Work instructions: All lines of the listing that contain "background" should be shown in full.

Task input:
═══

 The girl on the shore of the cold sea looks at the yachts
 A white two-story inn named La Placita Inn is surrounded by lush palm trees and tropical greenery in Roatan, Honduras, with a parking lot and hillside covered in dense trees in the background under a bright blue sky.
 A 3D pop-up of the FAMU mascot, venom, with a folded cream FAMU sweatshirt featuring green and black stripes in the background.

═══

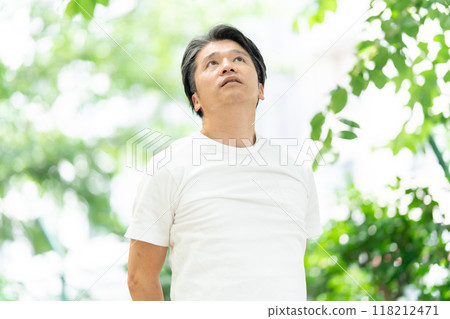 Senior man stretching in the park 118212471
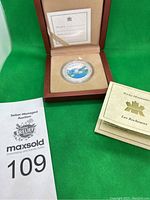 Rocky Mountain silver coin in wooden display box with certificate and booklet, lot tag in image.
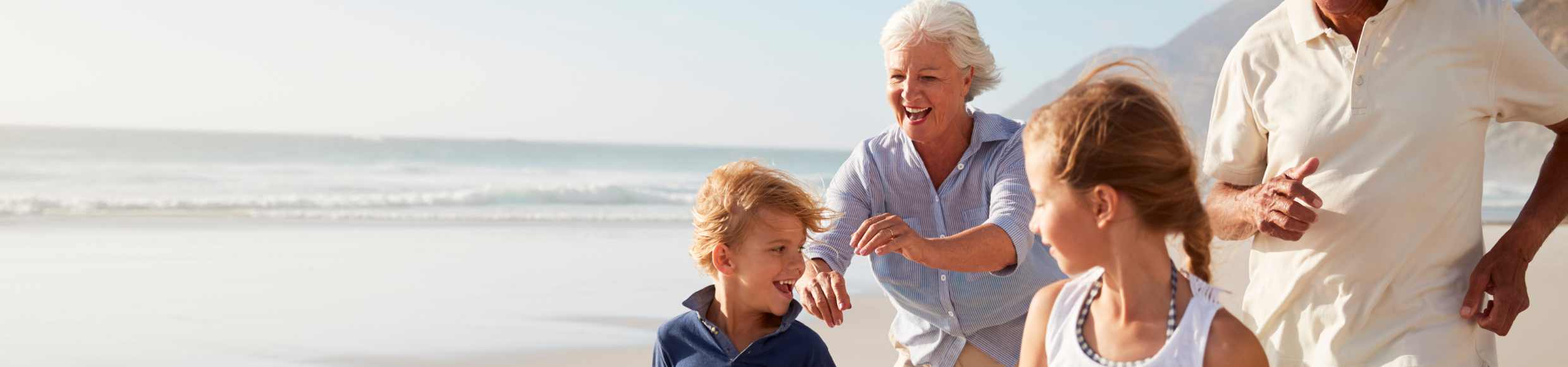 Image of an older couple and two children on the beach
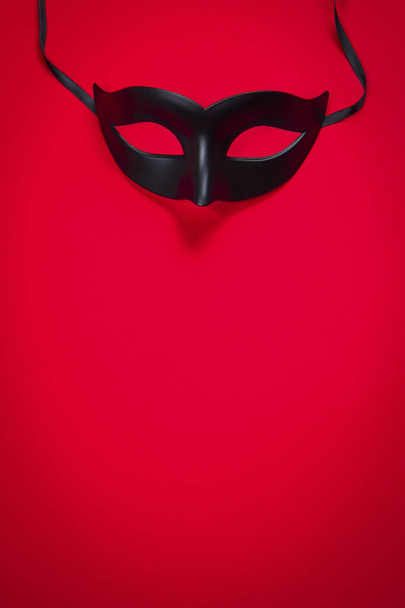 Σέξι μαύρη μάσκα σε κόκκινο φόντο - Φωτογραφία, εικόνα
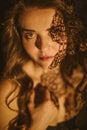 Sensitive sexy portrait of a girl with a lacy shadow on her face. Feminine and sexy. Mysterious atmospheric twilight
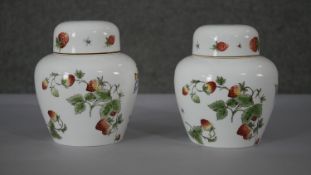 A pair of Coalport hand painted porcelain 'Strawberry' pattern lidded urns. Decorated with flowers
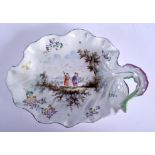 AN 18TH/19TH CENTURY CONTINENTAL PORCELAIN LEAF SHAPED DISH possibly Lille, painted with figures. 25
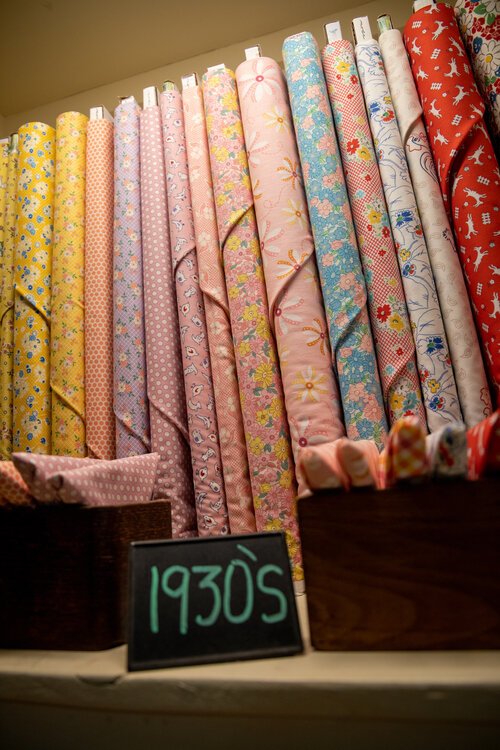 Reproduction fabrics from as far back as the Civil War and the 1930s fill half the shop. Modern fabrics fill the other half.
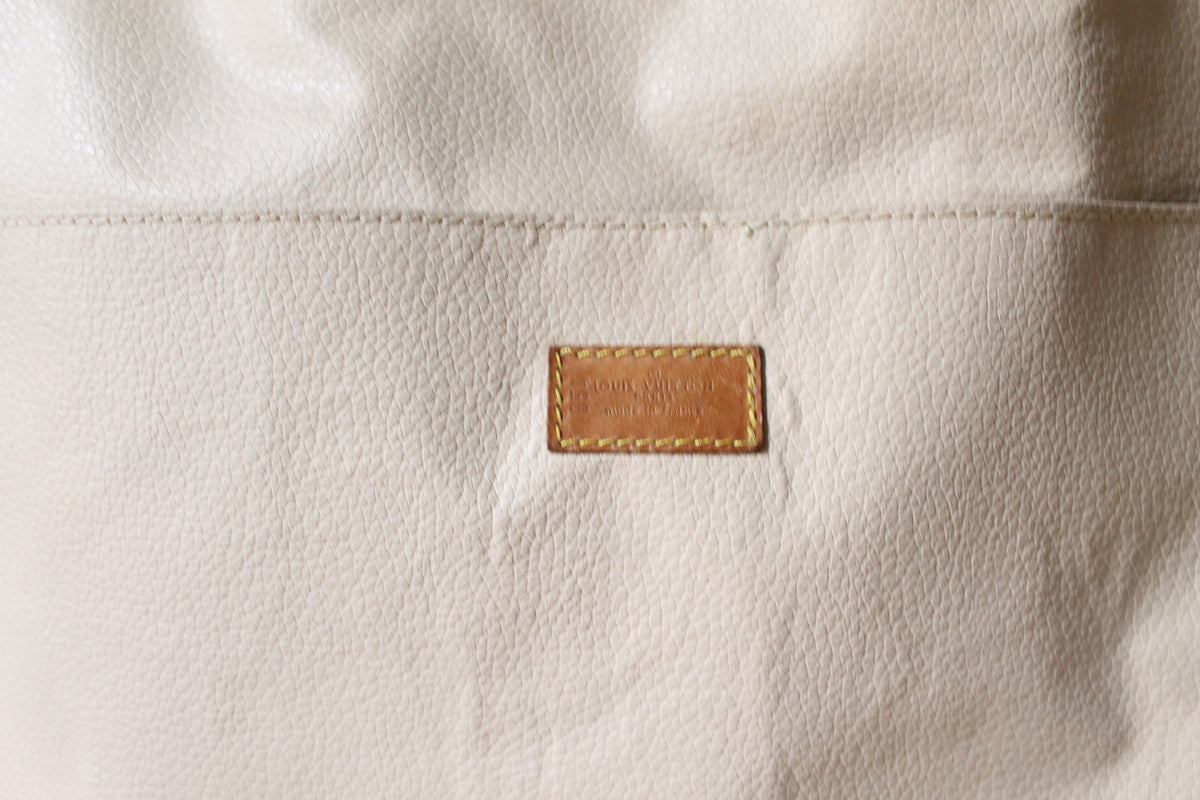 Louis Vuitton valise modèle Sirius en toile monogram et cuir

═══

The answer:
 A white two-story inn named La Placita Inn is surrounded by lush palm trees and tropical greenery in Roatan, Honduras, with a parking lot and hillside covered in dense trees in the background under a bright blue sky.
 A 3D pop-up of the FAMU mascot, venom, with a folded cream FAMU sweatshirt featuring green and black stripes in the background.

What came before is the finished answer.